Tuesday, March 15, 2011
remembering…
It has been a while since my last post, I know the grandparents are wanting to see pictures of their little angel. I have just been in somewhat of a fog lately and I am struggling to find my way out. It all culminated at the end of February. Feb. 28 marked a year since my sister’s death, and that brought a lot of pain with it. Pain that, frankly, I have not dealt with all year. I have been containing it so that I wouldn’t lose my mind, so that I could take care of Ansley and get through the day. I’m hurting just as much today as I was a year ago and that sort of surprised me. I thought that it would be better a year out. Unfortunately, it is not. What compounds my sadness, is coincidentally, something that is bringing me much happiness. We found out that we are having a little girl! I’m so excited to meet her, I can’t wait!! I wanted Ansley to have a sister so badly, and now she will. I am so happy that she gets to have the bond that I had with my sister. The weird thing is, I am heartbroken at the same time. I want my sister here so badly! When I was pregnant with Ansley she would be so excited to feel my belly, she would call me practically everyday to see how I feel, and she would talk about all the things that she wanted to do with “the little b”. I am missing those moments so badly right now.

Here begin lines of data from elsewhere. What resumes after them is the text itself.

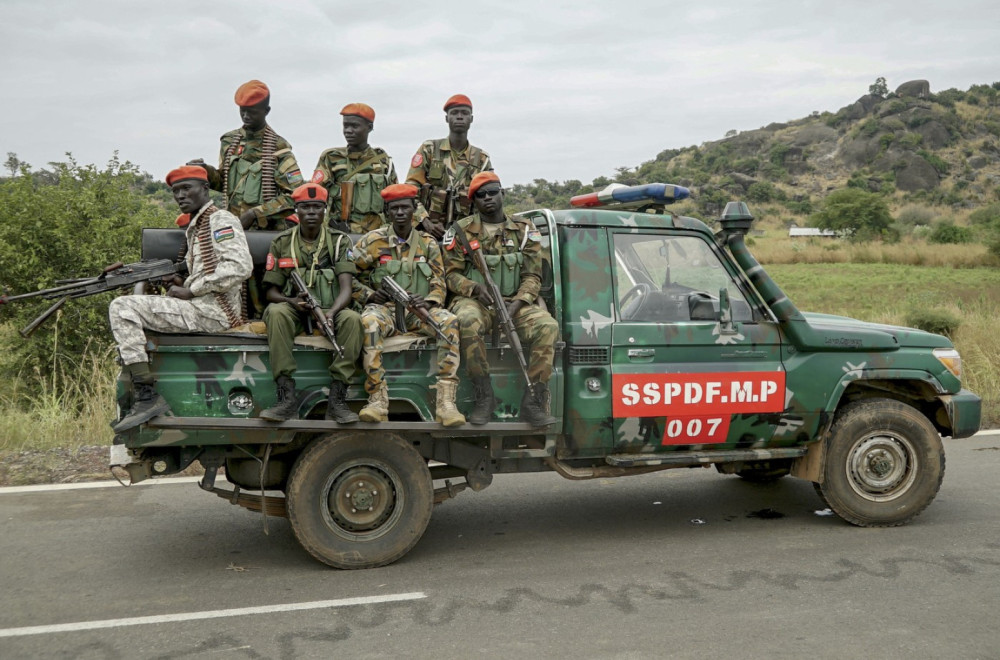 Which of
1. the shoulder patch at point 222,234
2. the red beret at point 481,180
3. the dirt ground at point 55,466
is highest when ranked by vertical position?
the red beret at point 481,180

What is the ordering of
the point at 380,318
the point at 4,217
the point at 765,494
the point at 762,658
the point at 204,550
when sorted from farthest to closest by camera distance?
the point at 4,217 → the point at 765,494 → the point at 204,550 → the point at 380,318 → the point at 762,658

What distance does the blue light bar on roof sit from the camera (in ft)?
18.7

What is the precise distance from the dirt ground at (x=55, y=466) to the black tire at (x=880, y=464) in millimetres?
5106

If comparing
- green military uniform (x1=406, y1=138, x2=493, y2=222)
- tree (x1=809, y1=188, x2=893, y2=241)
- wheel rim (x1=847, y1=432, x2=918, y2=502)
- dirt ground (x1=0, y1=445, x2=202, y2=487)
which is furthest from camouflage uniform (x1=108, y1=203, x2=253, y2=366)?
tree (x1=809, y1=188, x2=893, y2=241)

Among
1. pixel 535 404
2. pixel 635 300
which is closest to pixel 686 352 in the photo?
pixel 635 300

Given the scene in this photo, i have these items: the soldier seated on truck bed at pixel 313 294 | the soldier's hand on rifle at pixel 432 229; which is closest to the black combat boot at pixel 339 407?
the soldier seated on truck bed at pixel 313 294

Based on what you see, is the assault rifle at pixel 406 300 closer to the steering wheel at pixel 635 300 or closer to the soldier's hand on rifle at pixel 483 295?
the soldier's hand on rifle at pixel 483 295

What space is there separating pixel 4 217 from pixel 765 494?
347 inches

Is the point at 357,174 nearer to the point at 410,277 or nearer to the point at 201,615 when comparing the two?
the point at 410,277

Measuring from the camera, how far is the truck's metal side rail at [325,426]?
4.77 metres

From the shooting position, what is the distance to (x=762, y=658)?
3.94 meters

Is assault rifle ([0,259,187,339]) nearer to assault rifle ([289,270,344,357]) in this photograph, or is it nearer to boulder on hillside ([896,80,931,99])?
assault rifle ([289,270,344,357])

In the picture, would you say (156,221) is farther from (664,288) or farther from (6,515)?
(664,288)

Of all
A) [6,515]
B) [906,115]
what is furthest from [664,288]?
[906,115]
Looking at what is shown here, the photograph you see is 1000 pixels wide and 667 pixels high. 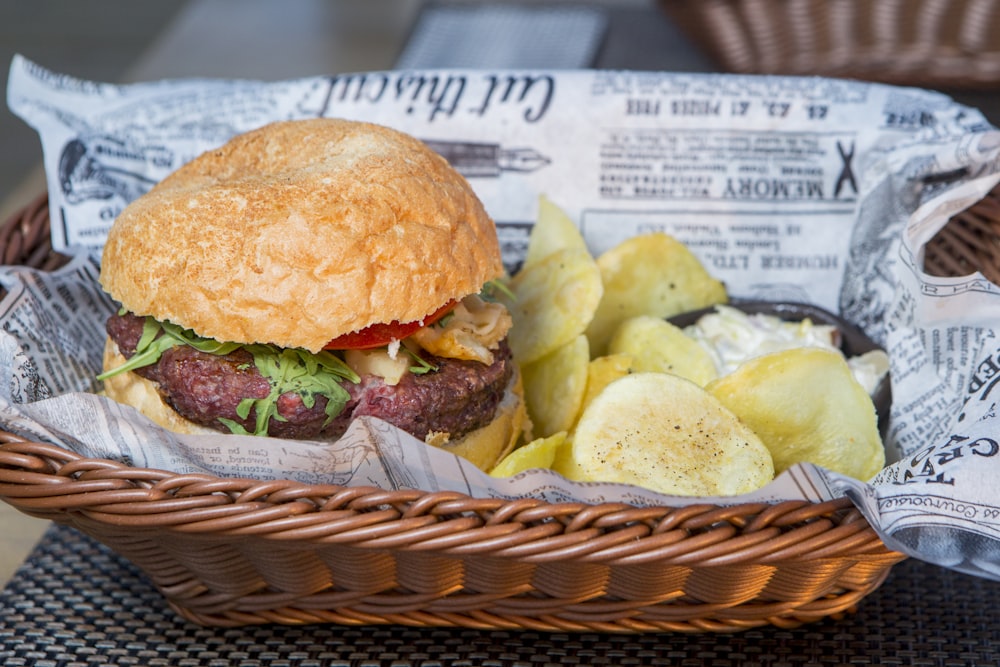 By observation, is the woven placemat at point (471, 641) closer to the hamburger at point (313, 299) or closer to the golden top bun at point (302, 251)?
the hamburger at point (313, 299)

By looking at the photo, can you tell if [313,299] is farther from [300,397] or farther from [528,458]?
[528,458]

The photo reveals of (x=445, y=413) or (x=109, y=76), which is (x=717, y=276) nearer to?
(x=445, y=413)

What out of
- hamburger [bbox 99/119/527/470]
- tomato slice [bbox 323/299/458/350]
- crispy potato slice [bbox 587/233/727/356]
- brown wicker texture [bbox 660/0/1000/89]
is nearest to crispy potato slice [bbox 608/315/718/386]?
crispy potato slice [bbox 587/233/727/356]

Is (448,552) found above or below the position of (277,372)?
below

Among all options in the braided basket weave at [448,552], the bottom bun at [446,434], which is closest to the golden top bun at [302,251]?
the bottom bun at [446,434]

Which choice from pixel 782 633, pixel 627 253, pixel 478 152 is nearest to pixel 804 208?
pixel 627 253

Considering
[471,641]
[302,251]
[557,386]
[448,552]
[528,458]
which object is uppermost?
[302,251]

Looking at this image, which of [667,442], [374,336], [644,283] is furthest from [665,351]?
[374,336] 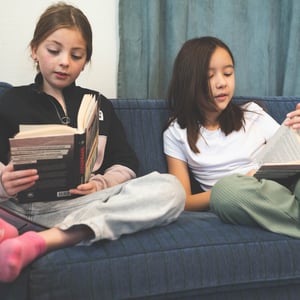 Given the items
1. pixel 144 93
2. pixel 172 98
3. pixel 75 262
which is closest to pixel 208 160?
pixel 172 98

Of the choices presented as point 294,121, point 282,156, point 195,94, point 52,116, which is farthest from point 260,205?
point 52,116

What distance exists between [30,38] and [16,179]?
30.2 inches

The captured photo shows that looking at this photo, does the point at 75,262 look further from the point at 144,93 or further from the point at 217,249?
the point at 144,93

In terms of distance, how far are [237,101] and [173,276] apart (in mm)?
848

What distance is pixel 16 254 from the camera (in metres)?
0.75

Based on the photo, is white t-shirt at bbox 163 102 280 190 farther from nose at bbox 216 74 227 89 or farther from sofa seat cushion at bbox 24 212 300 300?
sofa seat cushion at bbox 24 212 300 300

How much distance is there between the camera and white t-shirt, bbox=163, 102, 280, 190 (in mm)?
1324

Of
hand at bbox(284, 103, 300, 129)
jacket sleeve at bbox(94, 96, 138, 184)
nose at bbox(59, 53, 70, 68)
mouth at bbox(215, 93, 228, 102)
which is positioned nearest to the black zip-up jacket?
jacket sleeve at bbox(94, 96, 138, 184)

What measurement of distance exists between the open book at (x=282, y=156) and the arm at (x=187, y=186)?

I want to hear her voice over the phone, I want to feel her hand on my belly! I want my sister. I only hope that these little girls will know how special it is to have a sister, and that they will have these moments together.
Grief is a funny thing, in fact it is a lot like parenting. No one ever teaches you how to do either. You kind of have to just figure it out as you go. Unfortunately, I am a slow learner when it comes to grief. I want to lose it so that I can get it out, but at the same time I’m afraid that if I start I won’t ever stop. In the past few weeks I have made the decision to finally talk to someone. I don’t want this to be a black cloud over me any more. I will think of my sister everyday for the rest of my life, I will have good days and then there will be bad days. I know this now. However, I don’t want to be sad for the rest of my life, waiting for the bottle to explode that is inside my chest. I want to be 100% for my girls and my husband, but how do I do that? As Kathleen Kelly says in You’ve Got Mail, “I just want to send this cosmic question out into the void. So, goodnight dear void.”
I promise I’ll post pictures ASAP. Just a little explanation of where I’ve been.